„Hi Dad.“ Das zierliche junge Mädchen vor der Tür lächelte Gene unsicher an. Der machte zunächst keinerlei Anstalten, sie hereinzubitten, sondern antwortete nur zurückhaltend: „Hallo Georgia.“ Sie trat nervös von einem Fuß auf den anderen. So hatte sie sich den Empfang nicht vorgestellt. „Du scheinst ja nicht gerade überrascht zu sein.“ „Jedenfalls habe ich bereits gehört, dass du nicht da bist, wo du sein solltest“, antwortete Gene und seine Tochter verzog das Gesicht über die vorhersehbare Reaktion ihrer Mutter. Natürlich hatte die nichts Besseres zu tun gehabt, als ihren Ex-Mann anzurufen, sobald sie Georgias Verschwinden bemerkt hatte. „Aber dass du zu mir kommen würdest, habe ich ehrlich gesagt nicht erwartet.“ Er trat zur Seite und ließ das Mädchen ins Haus gehen. „Kann ich nicht einfach mal meinen Vater besuchen?“
„Du hast mich die letzten neun Jahre nie besucht, wenn ich dich daran erinnern darf.“ Georgias Augen blitzten auf. „Tja, ich wurde nie eingeladen, oder?“ Ihr Vater verzichtete darauf, sie auf die Tatsache hinzuweisen, dass er sie auch dieses Mal nicht eingeladen hatte.
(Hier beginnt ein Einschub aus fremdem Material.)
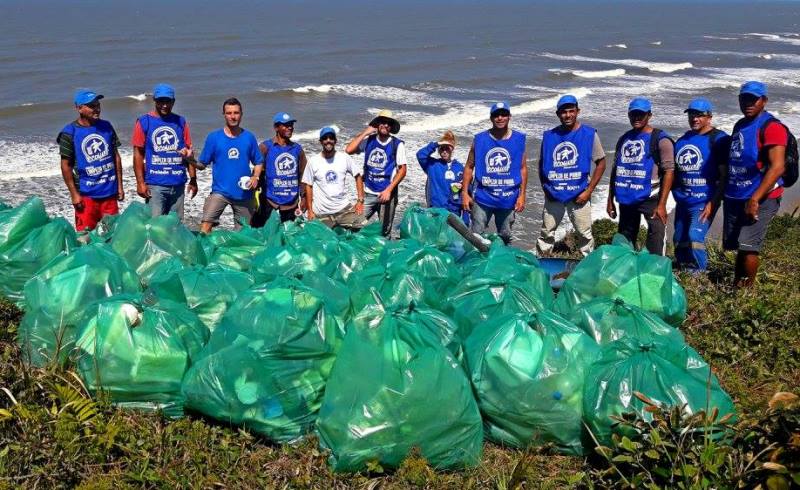 instituto-ecosurf-retira-mais-de-50-mil-itens-lixo-das-praias-da-jureia-1-Copia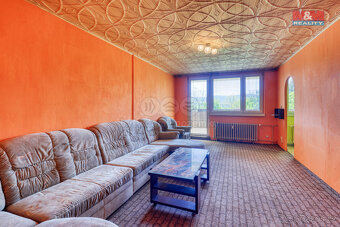 Prodej bytu 4+1, 85 m², Hostomice, ul. Dobříšská - 3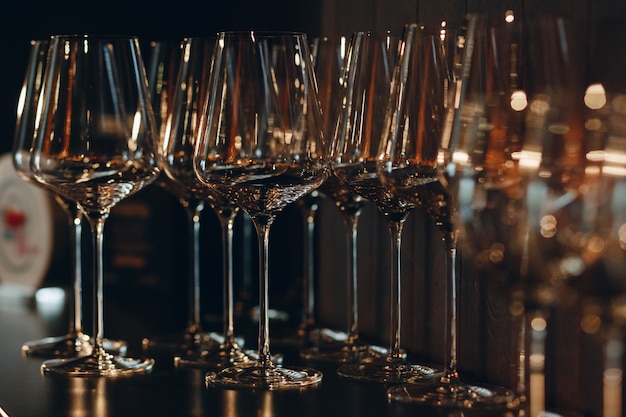Esvazie copos de champanhe limpos no balcão em bar.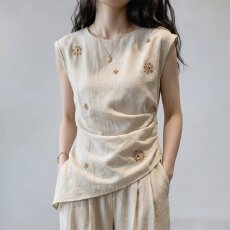 批发2026夏季新款<b class='q'>轻熟</b>风花朵刺绣无袖背心女米白色收腰老钱风大码上衣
Hätte Gene das je getan, hätte Helen ohnehin einen Weg gefunden, ihre Töchter von einem Besuch bei ihm abzuhalten. Er nahm eine abwartende Haltung ein, um ihr zu zeigen, dass seiner Ansicht nach immer noch eine Erklärung fällig war. Als diese ausblieb, beschloss er nachzuforschen. „Hat das Geld nicht gereicht, dass ich dir zum Geburtstag geschickt habe?“ Seine Tochter bedachte ihn mit einem angriffslustigen Blick. „Ich bin nicht wie Mum und Jen, das solltest du eigentlich wissen!“
Dem konnte Gene schlecht widersprechen. Während Helen und seine ältere Tochter Jennifer sich während seiner Ehe meistens damit zufrieden gegeben hatten, dass er ihnen einen gewissen Lebensstandard ermöglichte, war Georgia nicht so leicht abzuspeisen gewesen. Sie hatte als kleines Kind immer gewollt, dass er mit ihr spielte, mit ihr redete, mit ihr kuschelte – all das, wofür er keine Zeit gehabt hatte. Was sie wollte, war ein Vater, nicht nur ein Ernährer. Und in den letzten neun Jahren, wenn er zu größeren Feiertagen zu Helen und den Mädchen fuhr, um Geschenke abzuliefern (und den Kontakt nicht völlig zu verlieren), war es immer Georgia, die sich hinsetzte und wirklich mit ihm redete. Da er nicht reagierte, gab seine Tochter vor, sich interessiert in dem für sie fremden Haus umzublicken.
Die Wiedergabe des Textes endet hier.